Die Partei befindet sich nun in einem Dilemma: Soll sie einen sturen Biden dazu drängen, seinen Wahlkampf zu beenden, oder soll sie mit einem unpopulären Kandidaten weitermachen, der die Wählerinnen und Wähler mit seinen öffentlichen Auftritten verschreckt und der unbedingt von ungescripteten TV-Auftritten ferngehalten werden muss? Dieses Dilemma war natürlich vermeidbar und ist von der Demokratischen Partei selbst verschuldet. Bidens Probleme wären vielleicht schon früher aufgedeckt und ein fähiger Nachfolger per demokratischem Prozess gefunden worden, wenn der Präsident zumindest gezwungen gewesen wäre, sich in Vorwahlen einem oder mehreren Herausforderern zu stellen.
Stattdessen beschloss die Partei, die interne Demokratie zu unterdrücken, um den schlingernden Präsidenten zu schützen. Sie schloss jegliche Debatten von vornherein aus und erklärte Biden sogar zum Sieger einiger Vorwahlen, in denen es überhaupt nicht zu Abstimmungen kam. Zeitgleich haben die Medien – von den Parteiorganen bis hin zu nüchternen, seriösen Institutionen des Medienestablishments – ihren Teil dazu beigetragen, das zu leugnen und zu verheimlichen, was in elitären Kreisen schon seit Monaten und Jahren ein offenes Geheimnis ist.
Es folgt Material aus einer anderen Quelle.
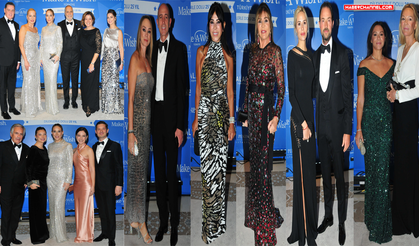 Make-A-Wish Türkiye'den 25. yılına göz alıcı bir davet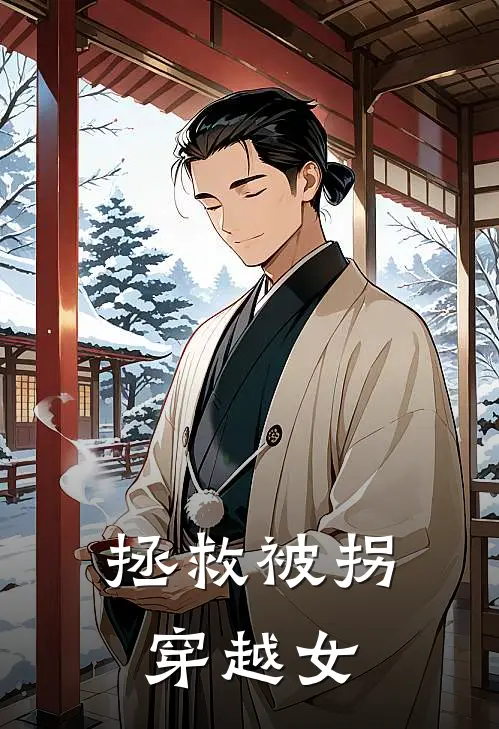 拯救被拐穿越女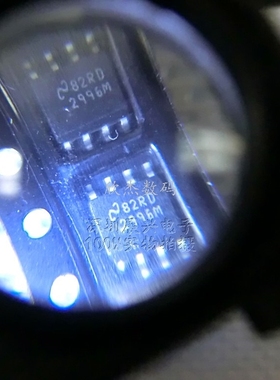 LM2996M 全新原装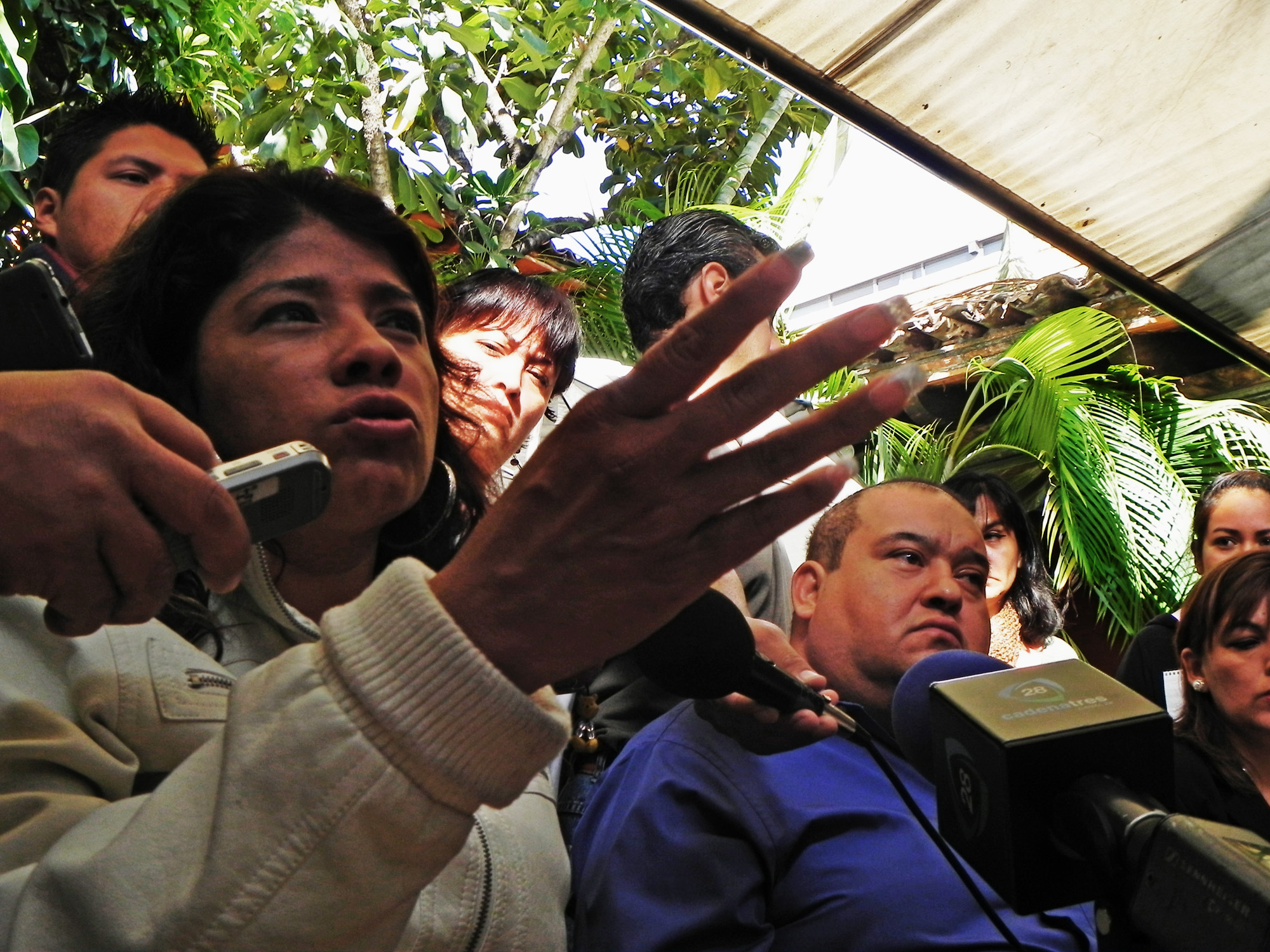 Padres de menor asesinada denuncian vitimización de  PGJ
Biden mag dem wachsenden Druck innerhalb der Partei und des liberalen Establishments im Moment noch widerstehen. Ihn davon zu überzeugen, den Weg für jemand anderen freizumachen, wäre aber ein Gewinn für alle Beteiligten, inklusive Biden selbst. Wenn er die Kandidatur zurückzieht, kann dieser Präsident – der ernsthaft Gefahr läuft, eine seiner größten Errungenschaften zunichte zu machen und einen radikalisierten, rachsüchtigen Trump zurück an die Macht zu bringen – sein angeschlagenes politisches Erbe retten. Für die Partei ist es indes eine Chance, im November doch noch zu siegen und einen Neustart zu wagen.
Lediglich Biden zu ersetzen, wird aber wahrscheinlich nicht ausreichen. Die Demokraten müssten einen solchen Kandidatenwechsel mit einer drastischen Kurskorrektur verbinden. Sie müssten Bidens bedingungslose Unterstützung für Israels Feldzug im Gazastreifen thematisieren, der die Partei spaltet, und der nahezu täglich droht, sich in einen katastrophalen regionalen Krieg auszuweiten. Außerdem sollte die Biden-Taktik aufgegeben werden, mit nichts weiterem außer Angstmacherei vor Trump Wahlkampf zu machen, und stattdessen einige Themen von Bidens Wahlkampf aus dem Jahr 2020 übernommen werden, der den Wählerinnen und Wählern tatsächlich konkrete, mutige Ideen aufzeigte, wie das Leben der Menschen in den USA verbessert werden könnte.
Die vier Monate, die bis zur Wahl verbleiben, sind länger als der gesamte Wahlkampf in vielen anderen Ländern. Es ist also mehr als genug Zeit, um das oben Beschriebene umzusetzen. Im Gegenzug macht ein Aufschub die Dinge nicht einfacher – und ein noch späterer Rückzieher nach all dem bereits Geschehenen wird das ohnehin schon wackelige Vertrauen der Öffentlichkeit in die Presse, die Institutionen und die Demokratische Partei nur noch weiter beschädigen.
Branko Marcetic ist Redakteur bei JACOBIN und Autor des Buchs »Yesterday’s Man: The Case Against Joe Biden«. Er lebt in Chicago, Illinois.